The advantages of the book are that it is well structured, pedagogically written with summaries at the end of each chapter, and that it contains a glossary with explanations of used concepts. There are several suggestions of how to avoid using “the command style” and how to enhance divergent responses when using an indirect approach, i.e. “a problem-solving” teaching style. Furthermore there are teaching tips on how to establish boundaries, use positive challenges, monitor energy levels, and handle nonparticipants.

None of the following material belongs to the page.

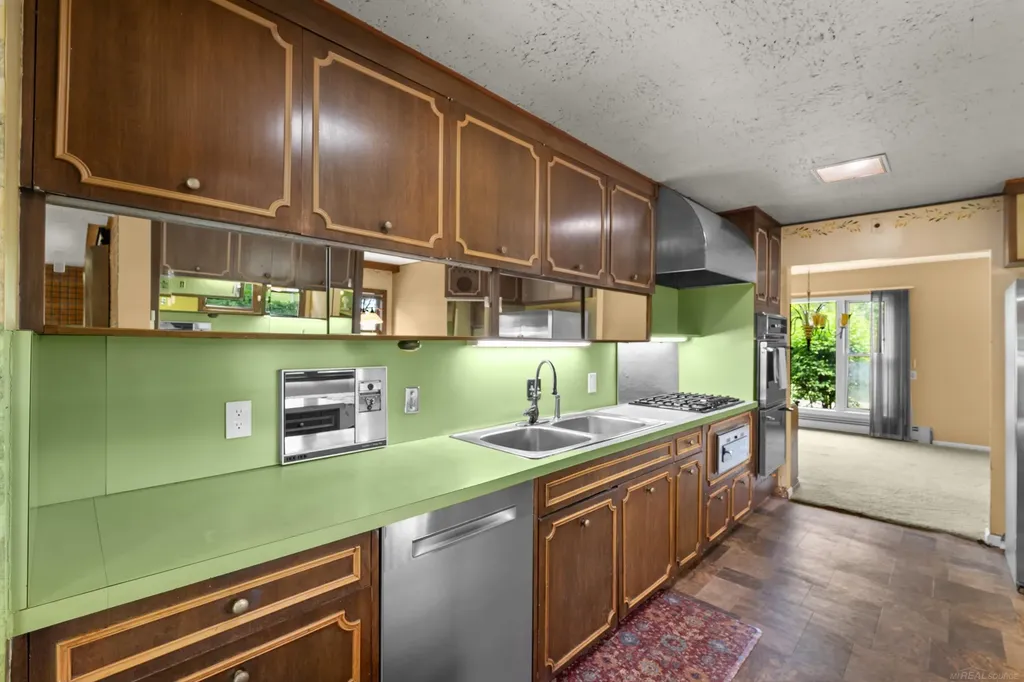 1427 Sunningdale Drive Grosse Pointe Woods City MI 48236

The reader may sometimes feel that the text is too pedagogically written with too many sentences repeating the same message. Some descriptions of tasks and games might have gained in being illustrated with drawings or pictures instead of being described in too many words. References to scientific studies should, in my opinion, have been more frequently used and there is also a lack of descriptions of the studies referred to. The lack of references to and descriptions of scientific studies are my most serious criticism of the book. These things may cause the reader to wonder: How can this be true? How do we know that? and How was this examined?
In a book about physical education one might expect plenty of advice on how to observe and stimulate also children who have untrained and/or experienced motor skills. What tasks might be useful to motivate children who have deficits in different milestones of gross motor development? The advice “beginning at the beginning – wherever the children are developmentally – and building from there in a logical progression” (p. 24) will be very hard to follow if you don’t know how to decide where the children are developmentally. And what is a logical progression? Is it the same for every child? The book would have benefitted from including a chapter about adapted motor training for children with deficits in motor skills.
Despite the lack of references and the criticism above the book could fulfill the purpose as a guide for understanding the unique needs of 4–8-year-olds in physical education lessons.
References
Ericsson, Ingegerd (2003). Motor skills, Attention and Academic achievements. An Intervention study in the school years 1–3. Malmö: School of Teacher Education, Malmö University.
Holle, Britta (1978). Children’s Motor skill Development [Barns motoriska utveckling]. Stockholm: Natur och Kultur.
Pica, Rae (2008). Physical Education for Young Children. Movement ABCs for the Little Ones. Champaign IL: Human Kinetics.